Dr. Randy Rapp:It’s an optional, progressive three-course concentration in the Building Construction Management bachelor’s degree program. The concentration both educates for the long term and trains students for application upon graduation. There is an introductory course, a project management course, and a research course. They comprise 8 semester-hours: 120 contact hours with a good deal of reading and other management and technical homework, examinations, and written and oral presentation requirements.
What the students learn and the skills they can apply should be understood in the context of the Building Construction Management degree and Purdue University experience.
R&R: What should someone focusing on the DRR concentration expect to get out of it? Give us your best ‘recruiting speech.’
Dr. Rapp: “Those of you with a keen sense of service to disaster victims in their hour of need; with a spirit of technical innovation and managerial initiative; with sincere concern to reduce harm to the environment; with a chance to experience new and different projects every day; and who want to make a good living that is not influenced quite as much by the broad economy as conventional work, should look hard at a career in disaster restoration and reconstruction management.”
Naturally, we want students who will complete the whole concentration, but we encourage all department students to at least take the first course. They gain DRR knowledge that every well-prepared construction manager should have. What builder never encounters a water, fire, or mold loss? A little more knowledge goes a long way. Some will find that they want to learn more about DRR.
R&R: In the 30 months or so since the DRR concentration was officially announced, how has the industry reacted? Is the support all that you expected?
Dr. Rapp: So many in the industry have been very generous and supportive. The planned annual giving by 10 industry partners funds the activities of the concentration. Donated books and equipment, guest lectures by some of the best experts in the world, waived certification course tuition, field trips, research support, escort to Nashville flood restoration, and financial support for student attendance at the conferences have been essential – in the full sense of the word – to provide good instruction. We’ll not try to name all of those who have helped us accidentally leave someone out, except we have to recognize Bob Bonwell, who got donations to get the concentration going and who now has a scholarship established solely for Purdue DRR students.

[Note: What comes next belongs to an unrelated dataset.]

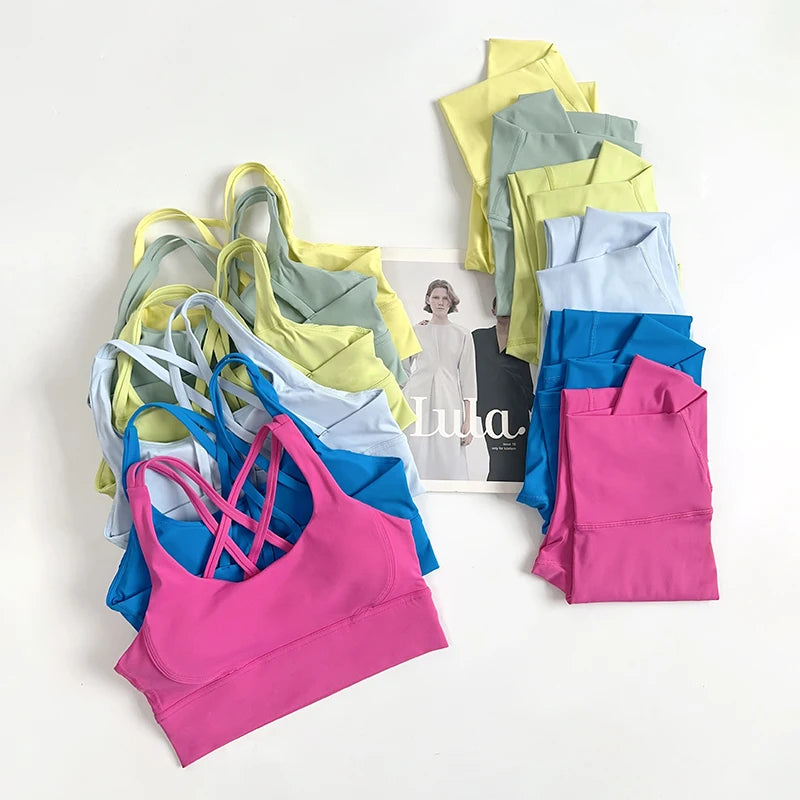 2 Pieces Yoga Set Women Gym Set Workout Clothes Sports Suits High Waist Leggings Cross Straps Fitness Bra Top Running Tracksuit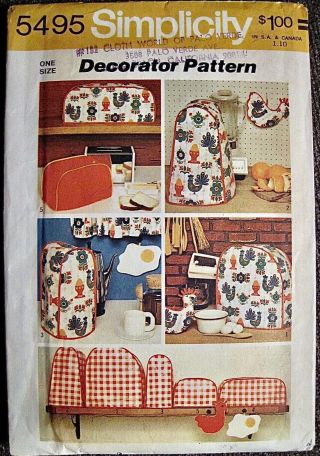 Vintage Uncut Simplicity Kitchen Appliance Covers & Potholders Pattern 5495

We would love to see students come to Purdue’s BCM program just to take the DRR concentration. Of course, the degree is four years of study and not just the three courses. Purdue’s entrance standards are pretty tough. And out-of-state tuition is not inexpensive. Thus, our recruiting successes so far have been from current BCM students. Still, we have invested much time to inform industry as a whole.
We have been somewhat disappointed that more DRR students are not interviewed and hired for internships or full-time. But a number of our industry friends are addressing that, so we expect that situation may change-to the advantage of the students and the hiring companies. DKI, for instance, will be the first disaster restoration services enterprise to have a booth at the BCM department February Career Fair. Liberty Mutual obtained a booth last October.
The Purdue Center for Career Opportunities is the office by which to line up prospective interns or employees. BCM’s DRR students would be the best restoration hires, but any BCM graduate – probably more than from any other program at Purdue – will have technical and managerial knowledge and skills that are highly relevant for the restoration industry, even if they have not completed all of the optional DRR Management studies.
R&R: Since classes began, what have you been most proud of and, conversely, what, if anything, didn’t work out quite the way you planned?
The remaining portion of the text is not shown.